I arrived at Knowledge Village, Dubai slightly rushed, slightly hot from the blazing June sun and fully expecting a half day packed with tech and future-forward marketing insights from stellar speakers. And that is exactly what Navigate: Now & Next delivered.
We heard about AI agents, AI-powered workflows, AI influencers, AI-generated content, AI-enabled operating models, smarter media ecosystems and startups built in a matter of weeks. But the thing I kept scribbling in my leather-bound notebook (because nothing beats writing in ink to commit thoughts to memory) all morning was not really about the tech
It was this: AI is levelling the field. So if everyone has access to increasingly similar tools, what actually differentiates one company, one brand or one marketer from another?
For me, the answer kept coming back to human insight, creativity and, repeat after me, market context.

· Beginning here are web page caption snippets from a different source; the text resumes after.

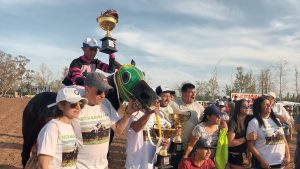 Se corrió una nueva edición del Gran Premio Carlos Pellegrini de Turf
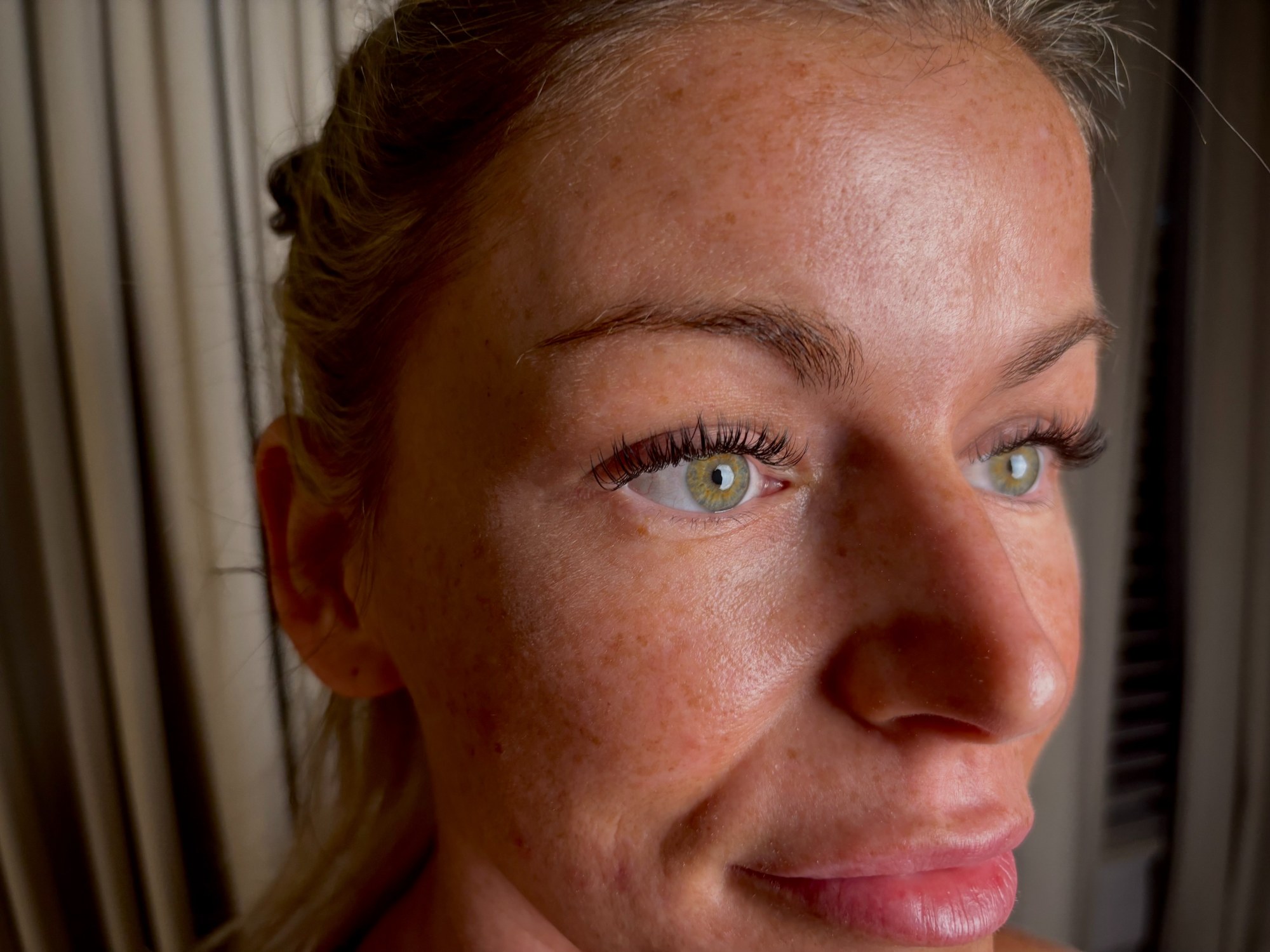 Getting Lashes When You Work 9 to 5, cover — The Bronze Lily, St. Petersburg, FL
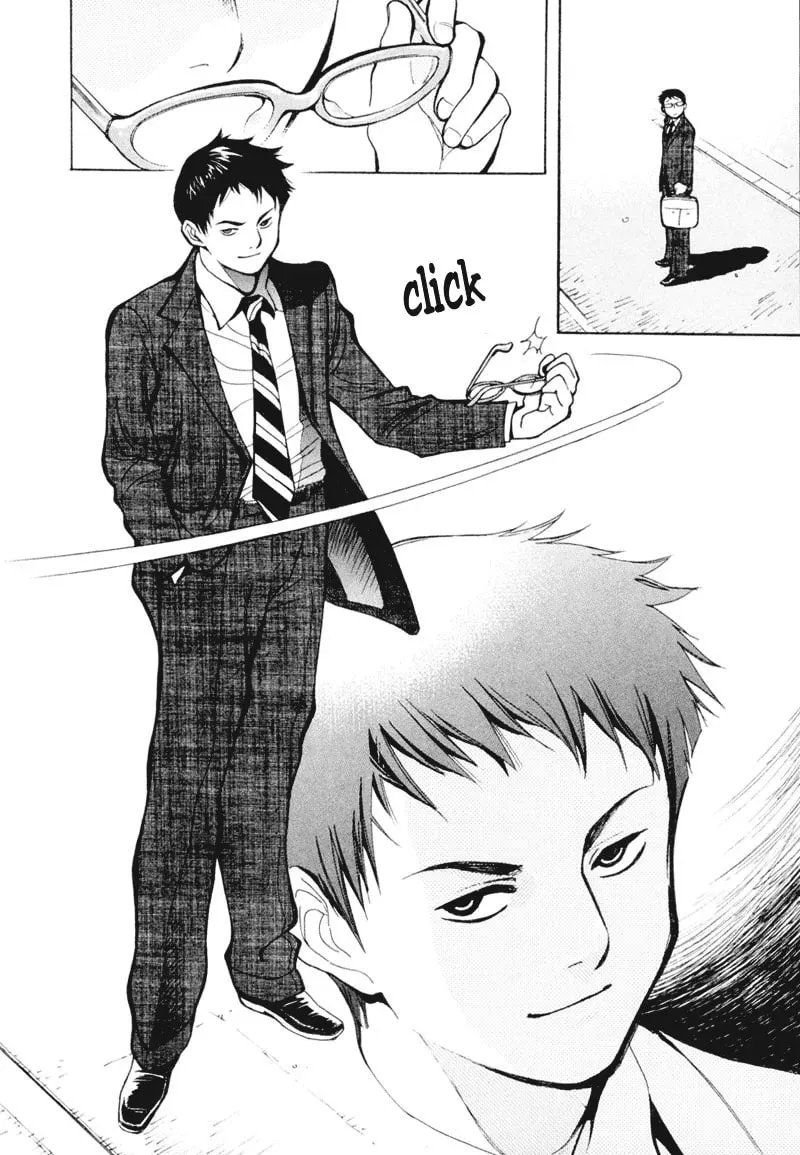 The Black Swindler Chapter 1 page 39 -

The founders behind SIFNow and Auntie brought this to life brilliantly. Both showed how AI helped them dramatically reduce the time between having an idea and building something tangible. A few years ago, building an app meant pitching investors for funding, hiring developers and designers, working through long timelines, and lots and lots of patience. Today, AI can help you build a prototype over a weekend through what I amusingly discovered is called "vibe coding”, which, in layman's terms, means using, well, layman terms, or, more professionally, Natural Language Processing, to create what would once have been considered a highly complex process.
That is incredible. But both founders also arrived at the same conclusion: at some point, AI stops being enough. You still need people with expertise in security, governance, and trust to truly build something that lasts, as well as the ability to know how to market and sell it. Zane Shaikh, founder of Auntie, captured this perfectly when he argued that the challenge is no longer whether you can build something, but whether you can sell it.
Exactly.
Knowing how to build is becoming easier. Knowing what to build, why people should care and how to position it is becoming harder.
That same idea came through in Experience Abu Dhabi's session. Their AI workflow, AI agent stack, and social intelligence engines are seriously impressive, particularly in how quickly they can identify cultural moments and move from signal to content. But the most interesting part was not that AI could tell them people were talking about Taylor Swift or Drake. Lots of tools can surface trends.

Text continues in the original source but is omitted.